Pengumpulan dana semacam ini terilhami Gerakan Koin untuk Prita Mulyasari. Suatu gerakan dari masyarakat luas untuk mendukung Prita yang tengah menghadapi masalah hukum dengan sebuah rumah sakit. Prita dituduh telah mencemarkan nama baik pihak rumah sakit hanya karena berkeluh kesah melalui email. Gerakan ini tentu saja membuat lega siapa pun. Di saat negara ini dinilai belum lagi mampu memberikan pelayanan kesehatan bagi publik dengan baik, toh kepedulian publik teramat besar. Publik sama sekali tak banyak menuntut, tak banyak bicara, meski di luar sana misalnya, tengah terdengar pemberitaan tentang pembelian mobil mewah bernilai miliaran rupiah yang diperuntukkan bagi para pejabat negara.
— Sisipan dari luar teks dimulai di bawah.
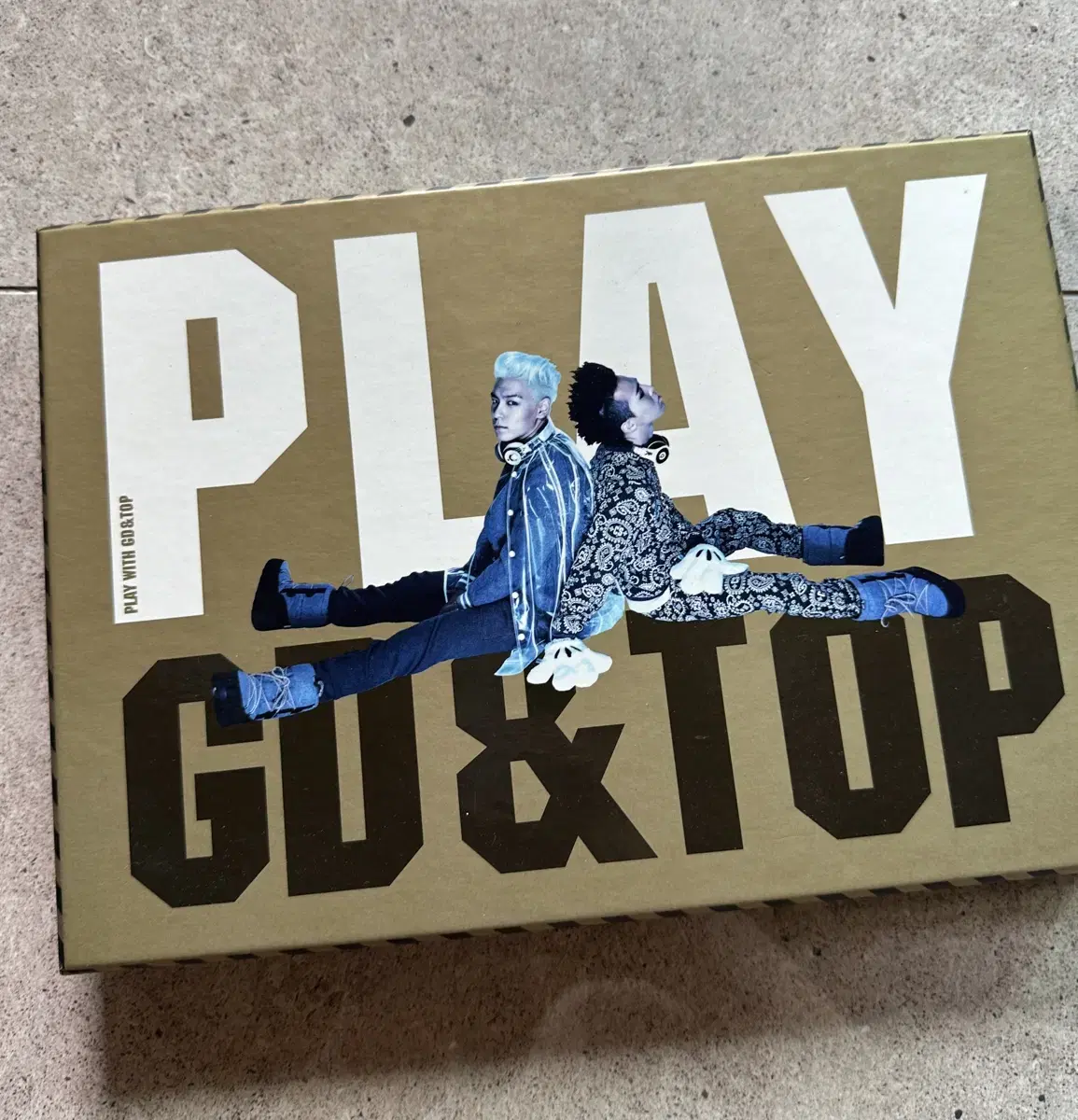 Play Giddy & Top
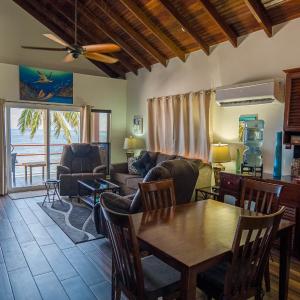 Deluxe Suite with Sea View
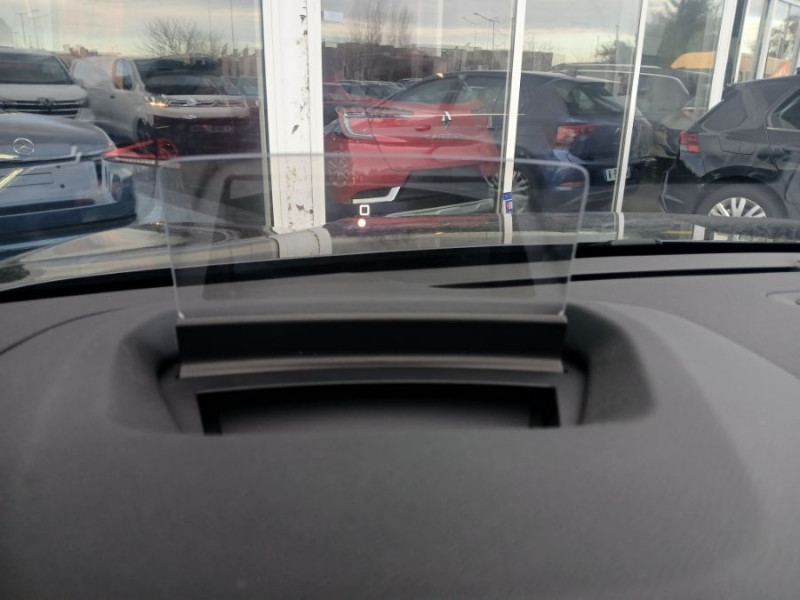 Photo 9 de l'offre de CITROEN C4 X 1.5 BlueHDi 130 EAT8 MAX GPS Camera JA18 à 21950€ chez Mérignac auto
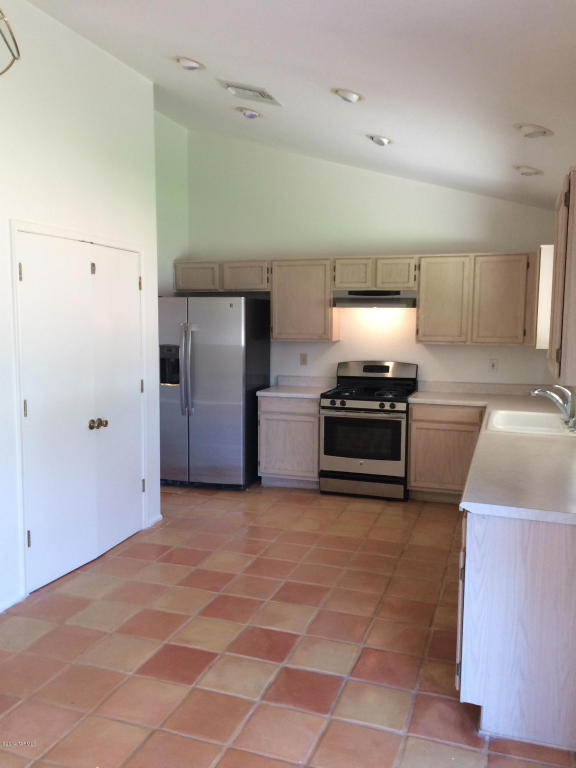 9060 N Eaglestone Loop, Tucson, AZ 85742 photo 12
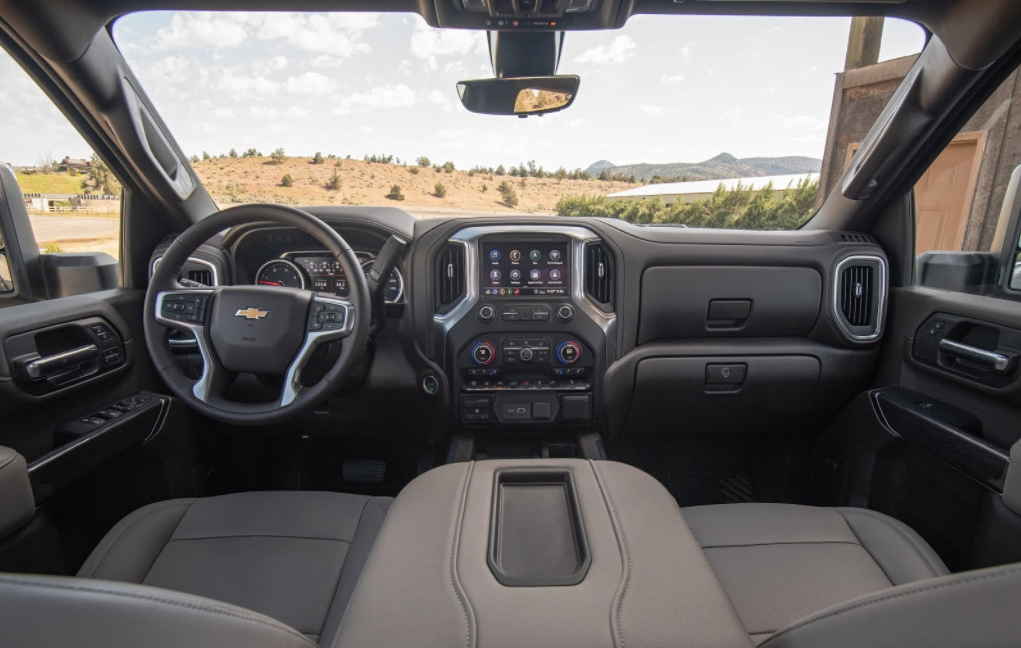 2023 Chevy 2500HD Interior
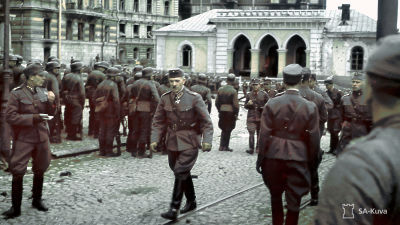 Kenraaliluutnantti Karl Lennart Oesch Viipurin paraatissa 31.8.1941.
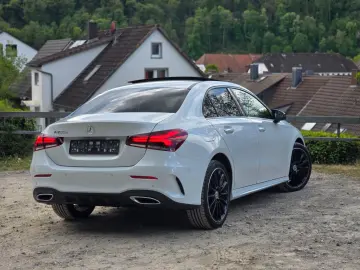 MERCEDES-BENZ A 250 e Limousine AMG Pano 360  HUD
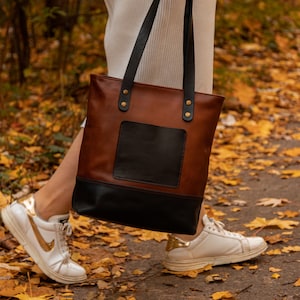 Custom Tote Bag for mom, Leather Tote Bag, Anniversary Gift for Her, Weekender Bag Women, Travel Bag Women, Leather Bag for Her, Tote Bag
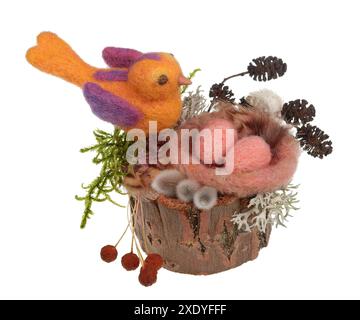 Nido di pino fatto a mano di Pasqua e divertente uccello di arancia di lana con uova isolate Foto Stock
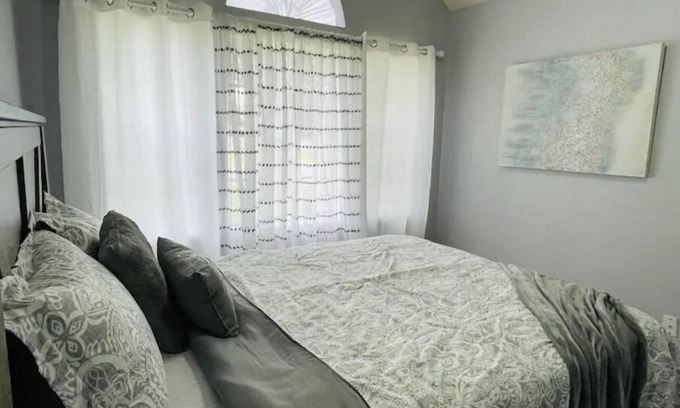 Edinburg House | Cheerful Southridge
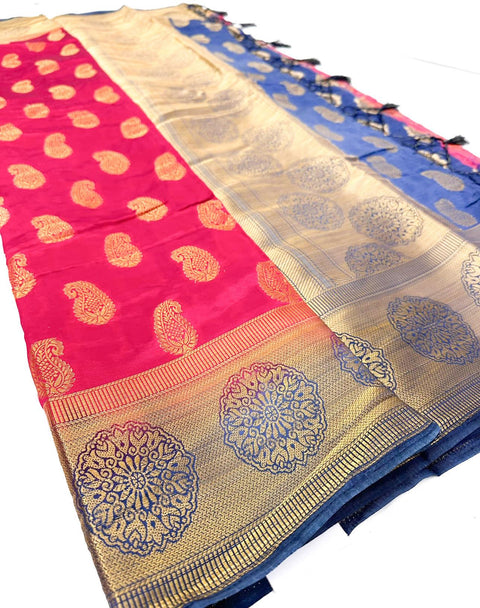 Art Silk Saree With Contrast Pallu and Blouse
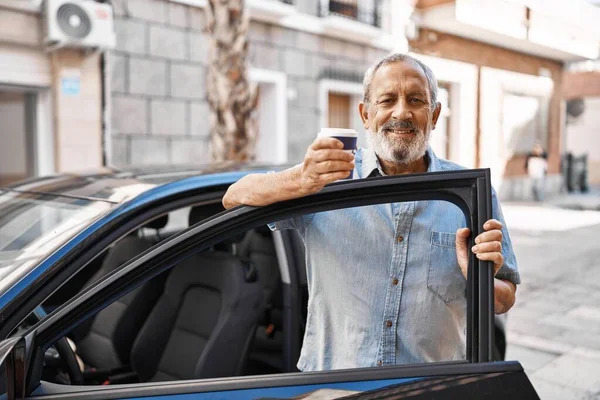 Senior Gråhårig Man Dricker Kaffe Stående Vid Bilen Gatan — Stockfoto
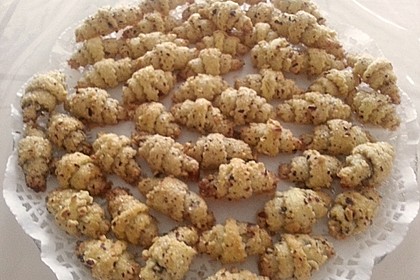 Gerollte Mini-Nusshörnchen 227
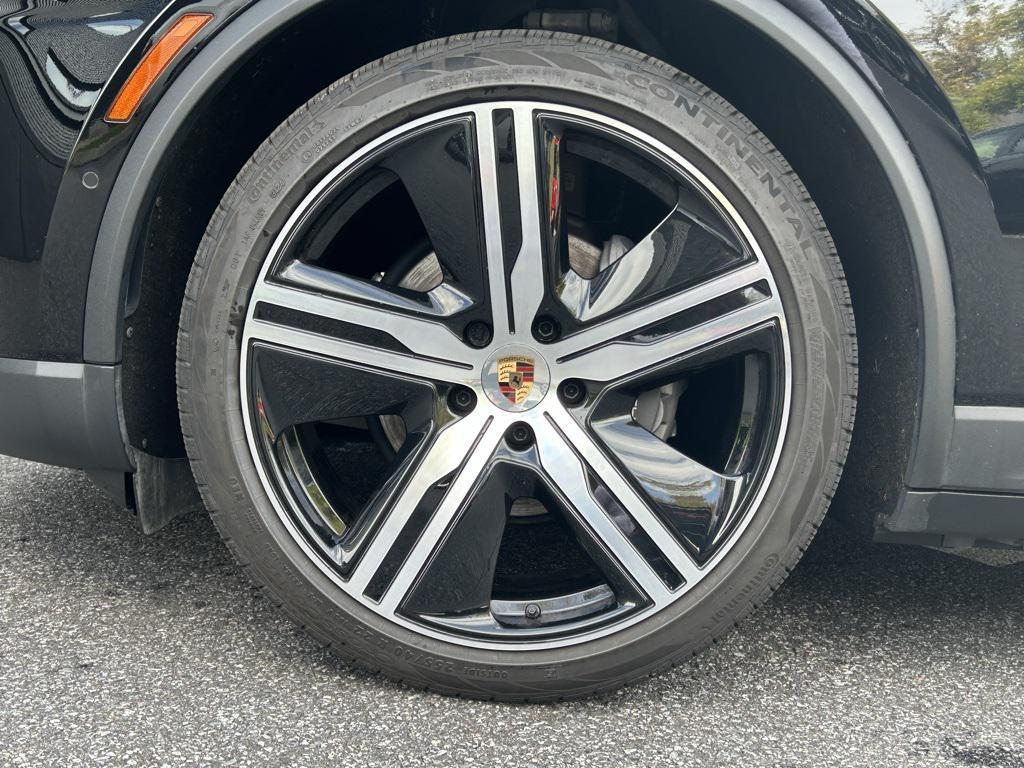 used 2024 Porsche Macan car, priced at $77,995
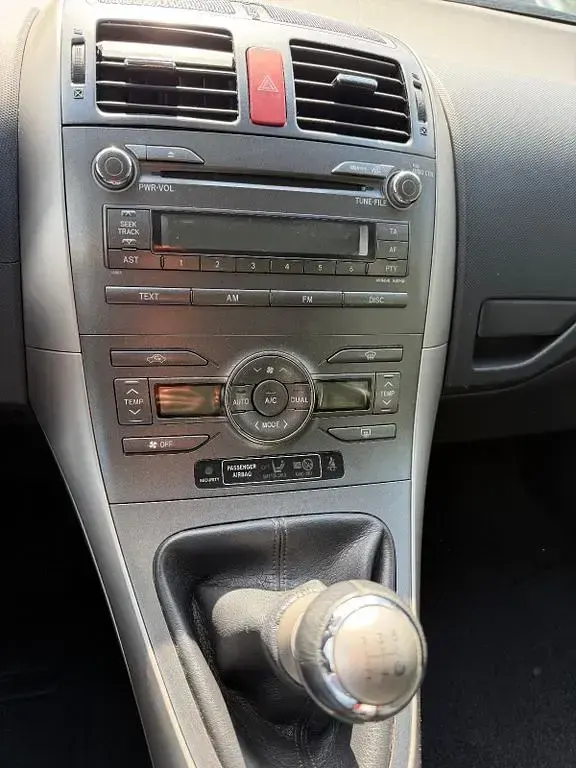 Gebraucht Toyota Auris Sol 97 PS (71 kW) 2007 Blau Kleinwagen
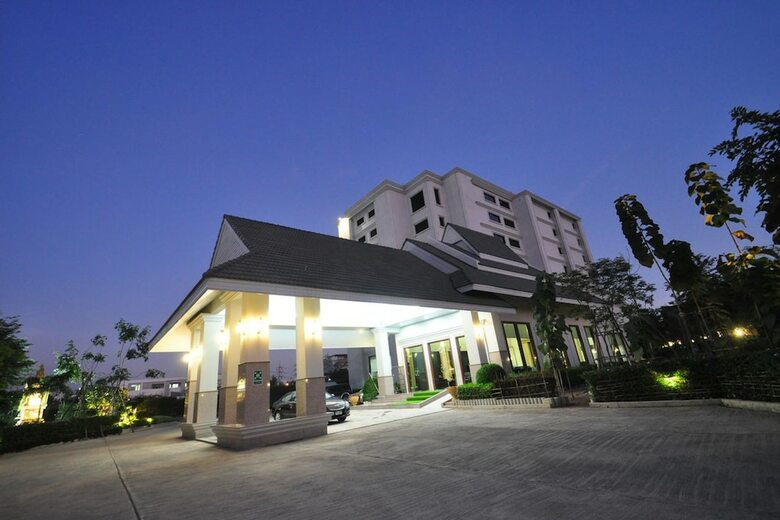 Pearl Resort And Hotel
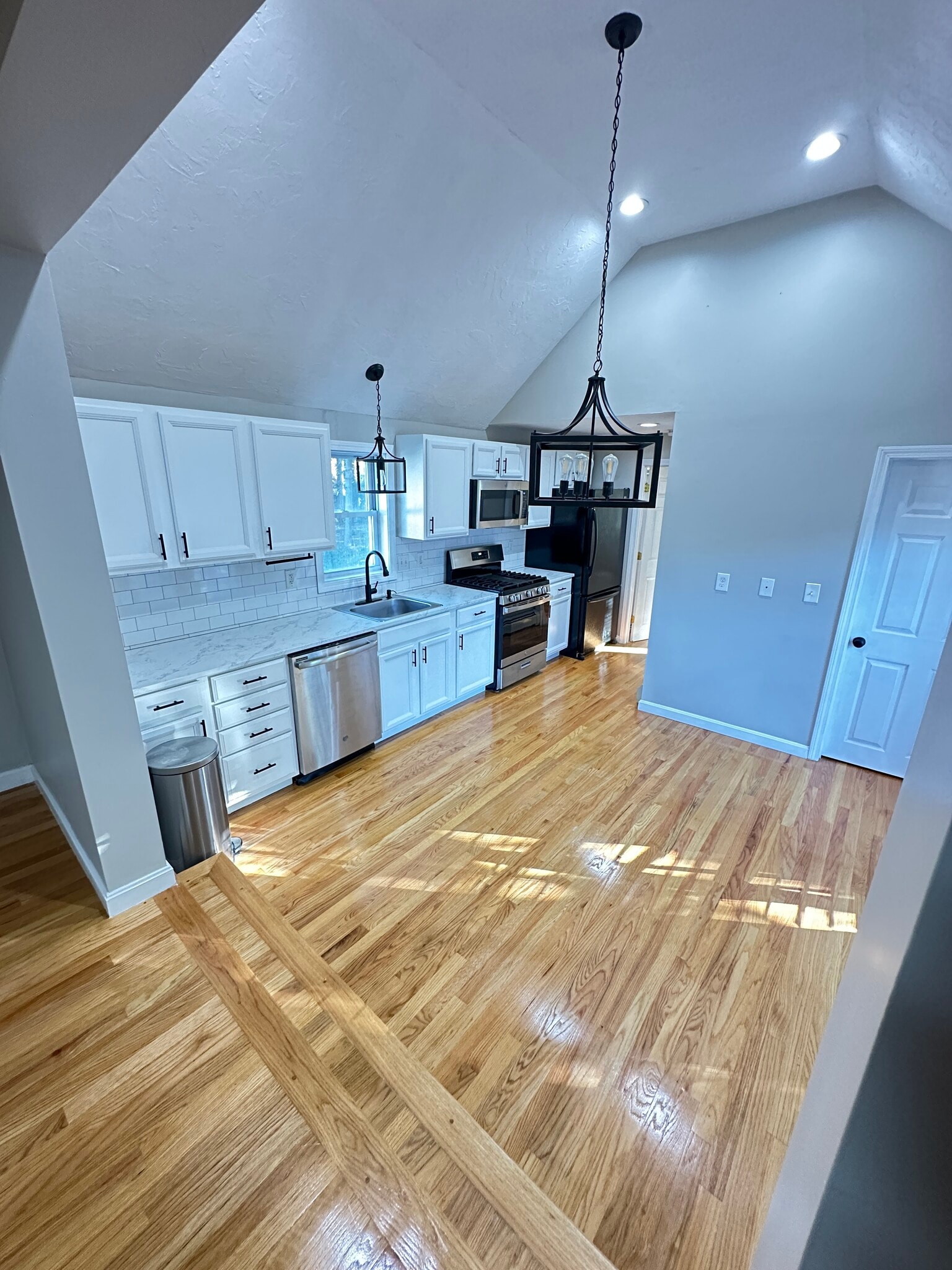 Kitchen/dining room - 7 Race St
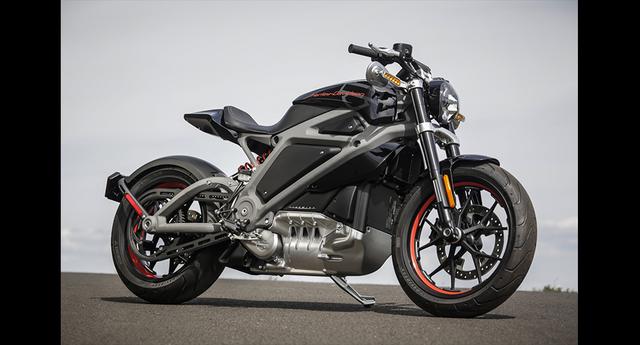 El actor escocés Ewan McGregor recorrió todo el continente americano al volante de una motocicleta Harley-Dvidson LiveWire 100% eléctrica.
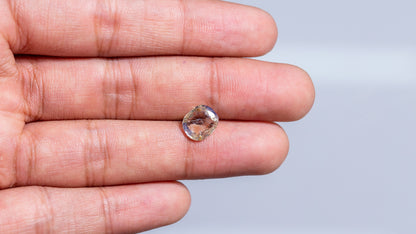 NATURAL PITAMBARI 3.61 CARATS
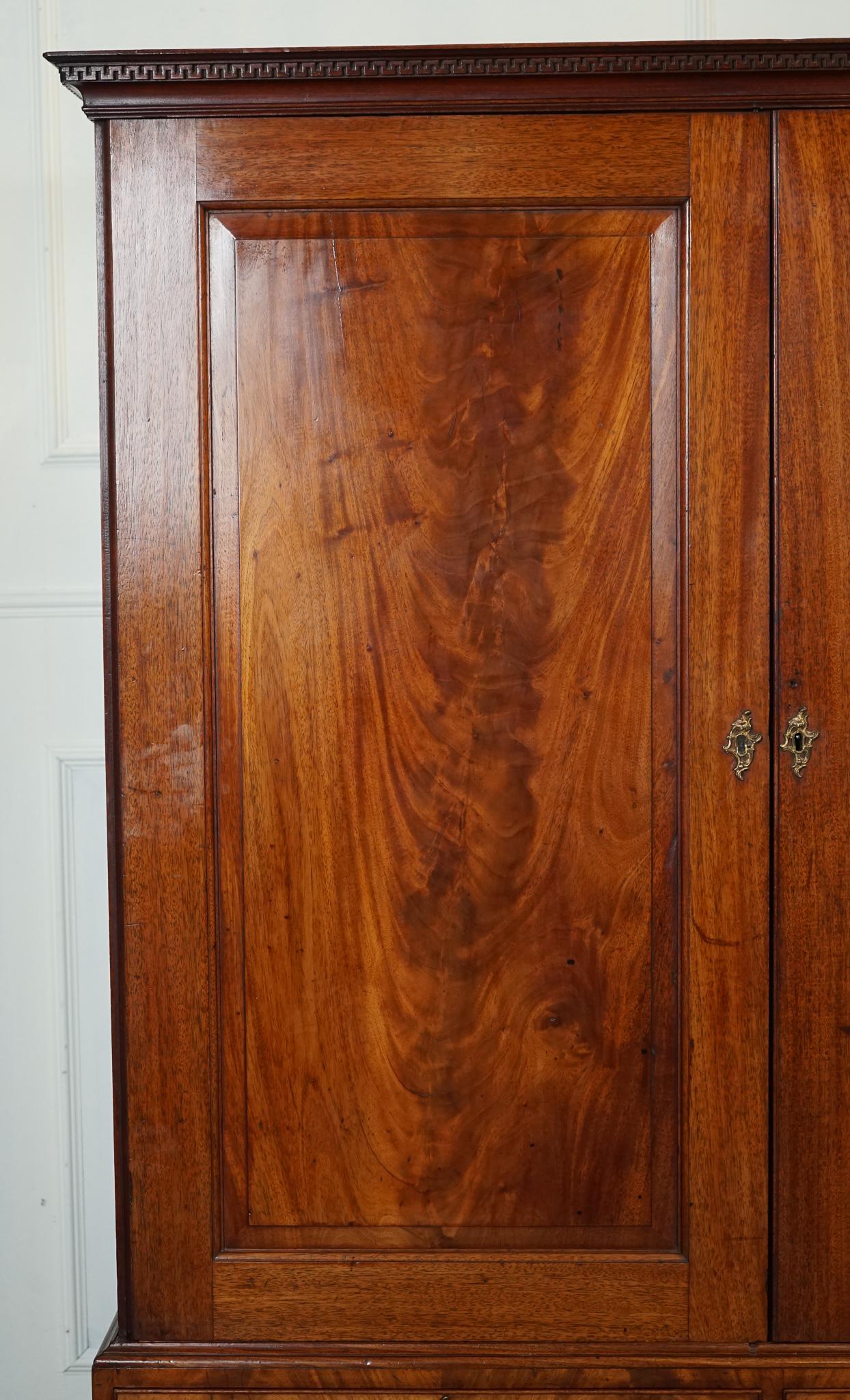 1800 ANTIQUE ENGLISH GEORGIAN FLAMED HARDWOOD LINEN PRESS WARDROBE ARMOIRE j1 In Good Condition For Sale In Pulborough, GB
Rakyat mungkin hatinya terluka dengan isu pembelian mobil mewah tersebut. Namun hati nurani mereka tetaplah murni. Mereka memilih tidak berteriak-teriak, memaki, ataupun menghujat. Mereka justru merogoh kantongnya, mencari uang logam untuk disumbangkan bagi mereka yang membutuhkan. Meski jumlahnya katakanlah tak seberapa.
Koin atau receh. Memang ada yang menganggap tak banyak berarti, kecuali untuk uang kembalian atau alat untuk kerik pada saat tubuh masuk angin. Namun uang receh jangan dianggap remeh. Dia dapat menjadi sebuah simbol cinta kasih. Uang receh menjadi penghubung kepedulian terhadap sesama. Tak perlu harus menjadi kaya terlebih dahulu untuk dapat menyumbangkan koin. Karena siapa pun dapat tergerak hatinya untuk melakukan gerakan ini. Gerakan ini menunjukkan kepada kita bahwa masih banyak saudara-saudara kita yang memerlukan uluran tangan dari kita. Sikap berbagi terhadap sesama perlu terus digalakkan. Anda tak akan rugi sedikit pun jika Anda mau berbagi terhadap sesama, walau hanya dengan sekeping uang logam.
Hukum kekekalan energi mengatakan, tiada energi yang hilang bila dikeluarkan. Alangkah indahnya, bila mulai kini, kita semua mengumpulkan uang receh dalam sebuah wadah yang suatu saat akan berguna bagi saudara kita. Sumbangan atau uang itu memang akan berpindah tangan. Namun hakikatnya, dia akan kembali pada kita suatu saat nanti, dalam bentuk lain, yang akan menolong kita.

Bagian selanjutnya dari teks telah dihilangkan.